■ **WHAT YOU SHOULD DO**: Could you retype every record below exactly as it appears?

Start of Block

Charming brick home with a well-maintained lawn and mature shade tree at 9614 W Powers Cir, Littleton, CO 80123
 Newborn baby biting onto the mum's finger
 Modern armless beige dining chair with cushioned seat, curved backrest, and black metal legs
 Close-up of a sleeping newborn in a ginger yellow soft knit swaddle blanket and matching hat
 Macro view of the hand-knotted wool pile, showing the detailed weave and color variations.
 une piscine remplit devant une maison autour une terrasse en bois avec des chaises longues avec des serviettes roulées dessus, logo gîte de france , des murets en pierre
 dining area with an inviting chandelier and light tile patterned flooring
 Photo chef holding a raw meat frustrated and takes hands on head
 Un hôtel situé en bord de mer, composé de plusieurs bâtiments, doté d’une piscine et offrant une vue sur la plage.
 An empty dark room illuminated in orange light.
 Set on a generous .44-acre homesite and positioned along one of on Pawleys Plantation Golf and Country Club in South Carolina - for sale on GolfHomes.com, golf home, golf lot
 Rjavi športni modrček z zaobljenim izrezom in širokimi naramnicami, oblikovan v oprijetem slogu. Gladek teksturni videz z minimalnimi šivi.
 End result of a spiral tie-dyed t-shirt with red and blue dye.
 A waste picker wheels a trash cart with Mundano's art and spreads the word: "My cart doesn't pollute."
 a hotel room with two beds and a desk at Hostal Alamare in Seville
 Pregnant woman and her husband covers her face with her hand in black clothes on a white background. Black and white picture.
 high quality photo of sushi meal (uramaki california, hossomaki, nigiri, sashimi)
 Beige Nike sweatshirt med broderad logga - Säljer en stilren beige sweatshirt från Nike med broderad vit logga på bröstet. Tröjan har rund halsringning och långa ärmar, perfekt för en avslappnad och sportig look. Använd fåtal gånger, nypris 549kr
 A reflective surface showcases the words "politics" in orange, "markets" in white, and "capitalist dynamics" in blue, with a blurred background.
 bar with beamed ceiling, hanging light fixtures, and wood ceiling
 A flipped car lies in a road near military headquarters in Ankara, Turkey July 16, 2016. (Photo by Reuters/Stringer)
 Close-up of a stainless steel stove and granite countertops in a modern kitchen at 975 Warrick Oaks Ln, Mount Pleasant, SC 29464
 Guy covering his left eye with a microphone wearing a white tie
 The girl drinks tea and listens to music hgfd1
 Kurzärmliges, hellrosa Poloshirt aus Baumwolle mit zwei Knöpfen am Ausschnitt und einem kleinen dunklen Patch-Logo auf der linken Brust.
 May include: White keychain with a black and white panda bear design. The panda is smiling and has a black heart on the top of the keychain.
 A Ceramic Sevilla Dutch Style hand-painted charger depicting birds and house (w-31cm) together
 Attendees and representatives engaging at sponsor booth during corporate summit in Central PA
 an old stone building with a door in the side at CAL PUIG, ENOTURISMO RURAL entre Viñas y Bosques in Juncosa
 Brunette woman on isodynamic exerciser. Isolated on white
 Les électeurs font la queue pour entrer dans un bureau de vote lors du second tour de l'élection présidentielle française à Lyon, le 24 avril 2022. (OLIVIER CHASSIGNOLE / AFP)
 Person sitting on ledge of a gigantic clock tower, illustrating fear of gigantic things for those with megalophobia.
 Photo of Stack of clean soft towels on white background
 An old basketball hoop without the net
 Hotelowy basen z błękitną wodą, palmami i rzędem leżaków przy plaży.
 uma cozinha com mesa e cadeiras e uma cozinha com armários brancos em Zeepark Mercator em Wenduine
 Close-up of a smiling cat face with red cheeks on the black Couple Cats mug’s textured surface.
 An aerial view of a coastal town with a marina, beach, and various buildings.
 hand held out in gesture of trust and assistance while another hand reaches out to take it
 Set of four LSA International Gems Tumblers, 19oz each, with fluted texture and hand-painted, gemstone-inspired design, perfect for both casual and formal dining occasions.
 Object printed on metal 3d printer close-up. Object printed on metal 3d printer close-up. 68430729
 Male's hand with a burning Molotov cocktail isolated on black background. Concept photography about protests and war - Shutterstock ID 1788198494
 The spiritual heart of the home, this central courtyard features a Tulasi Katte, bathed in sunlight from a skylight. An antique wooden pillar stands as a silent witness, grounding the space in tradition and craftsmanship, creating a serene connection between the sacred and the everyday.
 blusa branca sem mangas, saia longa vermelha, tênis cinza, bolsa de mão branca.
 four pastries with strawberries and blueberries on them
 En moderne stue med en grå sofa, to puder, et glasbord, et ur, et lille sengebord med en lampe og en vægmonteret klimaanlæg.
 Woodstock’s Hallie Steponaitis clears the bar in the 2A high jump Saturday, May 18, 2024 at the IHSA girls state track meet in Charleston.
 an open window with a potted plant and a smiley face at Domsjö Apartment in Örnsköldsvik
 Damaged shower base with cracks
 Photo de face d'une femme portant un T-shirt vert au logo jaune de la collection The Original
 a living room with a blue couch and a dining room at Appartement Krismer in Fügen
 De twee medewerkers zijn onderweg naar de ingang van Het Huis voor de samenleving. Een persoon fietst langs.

End of Block

■ **YOUR RESPONSE**:
Charming brick home with a well-maintained lawn and mature shade tree at 9614 W Powers Cir, Littleton, CO 80123
 Newborn baby biting onto the mum's finger
 Modern armless beige dining chair with cushioned seat, curved backrest, and black metal legs
 Close-up of a sleeping newborn in a ginger yellow soft knit swaddle blanket and matching hat
 Macro view of the hand-knotted wool pile, showing the detailed weave and color variations.
 une piscine remplit devant une maison autour une terrasse en bois avec des chaises longues avec des serviettes roulées dessus, logo gîte de france , des murets en pierre
 dining area with an inviting chandelier and light tile patterned flooring
 Photo chef holding a raw meat frustrated and takes hands on head
 Un hôtel situé en bord de mer, composé de plusieurs bâtiments, doté d’une piscine et offrant une vue sur la plage.
 An empty dark room illuminated in orange light.
 Set on a generous .44-acre homesite and positioned along one of on Pawleys Plantation Golf and Country Club in South Carolina - for sale on GolfHomes.com, golf home, golf lot
 Rjavi športni modrček z zaobljenim izrezom in širokimi naramnicami, oblikovan v oprijetem slogu. Gladek teksturni videz z minimalnimi šivi.
 End result of a spiral tie-dyed t-shirt with red and blue dye.
 A waste picker wheels a trash cart with Mundano's art and spreads the word: "My cart doesn't pollute."
 a hotel room with two beds and a desk at Hostal Alamare in Seville
 Pregnant woman and her husband covers her face with her hand in black clothes on a white background. Black and white picture.
 high quality photo of sushi meal (uramaki california, hossomaki, nigiri, sashimi)
 Beige Nike sweatshirt med broderad logga - Säljer en stilren beige sweatshirt från Nike med broderad vit logga på bröstet. Tröjan har rund halsringning och långa ärmar, perfekt för en avslappnad och sportig look. Använd fåtal gånger, nypris 549kr
 A reflective surface showcases the words "politics" in orange, "markets" in white, and "capitalist dynamics" in blue, with a blurred background.
 bar with beamed ceiling, hanging light fixtures, and wood ceiling
 A flipped car lies in a road near military headquarters in Ankara, Turkey July 16, 2016. (Photo by Reuters/Stringer)
 Close-up of a stainless steel stove and granite countertops in a modern kitchen at 975 Warrick Oaks Ln, Mount Pleasant, SC 29464
 Guy covering his left eye with a microphone wearing a white tie
 The girl drinks tea and listens to music hgfd1
 Kurzärmliges, hellrosa Poloshirt aus Baumwolle mit zwei Knöpfen am Ausschnitt und einem kleinen dunklen Patch-Logo auf der linken Brust.
 May include: White keychain with a black and white panda bear design. The panda is smiling and has a black heart on the top of the keychain.
 A Ceramic Sevilla Dutch Style hand-painted charger depicting birds and house (w-31cm) together
 Attendees and representatives engaging at sponsor booth during corporate summit in Central PA
 an old stone building with a door in the side at CAL PUIG, ENOTURISMO RURAL entre Viñas y Bosques in Juncosa
 Brunette woman on isodynamic exerciser. Isolated on white
 Les électeurs font la queue pour entrer dans un bureau de vote lors du second tour de l'élection présidentielle française à Lyon, le 24 avril 2022. (OLIVIER CHASSIGNOLE / AFP)
 Person sitting on ledge of a gigantic clock tower, illustrating fear of gigantic things for those with megalophobia.
 Photo of Stack of clean soft towels on white background
 An old basketball hoop without the net
 Hotelowy basen z błękitną wodą, palmami i rzędem leżaków przy plaży.
 uma cozinha com mesa e cadeiras e uma cozinha com armários brancos em Zeepark Mercator em Wenduine
 Close-up of a smiling cat face with red cheeks on the black Couple Cats mug’s textured surface.
 An aerial view of a coastal town with a marina, beach, and various buildings.
 hand held out in gesture of trust and assistance while another hand reaches out to take it
 Set of four LSA International Gems Tumblers, 19oz each, with fluted texture and hand-painted, gemstone-inspired design, perfect for both casual and formal dining occasions.
 Object printed on metal 3d printer close-up. Object printed on metal 3d printer close-up. 68430729
 Male's hand with a burning Molotov cocktail isolated on black background. Concept photography about protests and war - Shutterstock ID 1788198494
 The spiritual heart of the home, this central courtyard features a Tulasi Katte, bathed in sunlight from a skylight. An antique wooden pillar stands as a silent witness, grounding the space in tradition and craftsmanship, creating a serene connection between the sacred and the everyday.
 blusa branca sem mangas, saia longa vermelha, tênis cinza, bolsa de mão branca.
 four pastries with strawberries and blueberries on them
 En moderne stue med en grå sofa, to puder, et glasbord, et ur, et lille sengebord med en lampe og en vægmonteret klimaanlæg.
 Woodstock’s Hallie Steponaitis clears the bar in the 2A high jump Saturday, May 18, 2024 at the IHSA girls state track meet in Charleston.
 an open window with a potted plant and a smiley face at Domsjö Apartment in Örnsköldsvik
 Damaged shower base with cracks
 Photo de face d'une femme portant un T-shirt vert au logo jaune de la collection The Original
 a living room with a blue couch and a dining room at Appartement Krismer in Fügen
 De twee medewerkers zijn onderweg naar de ingang van Het Huis voor de samenleving. Een persoon fietst langs.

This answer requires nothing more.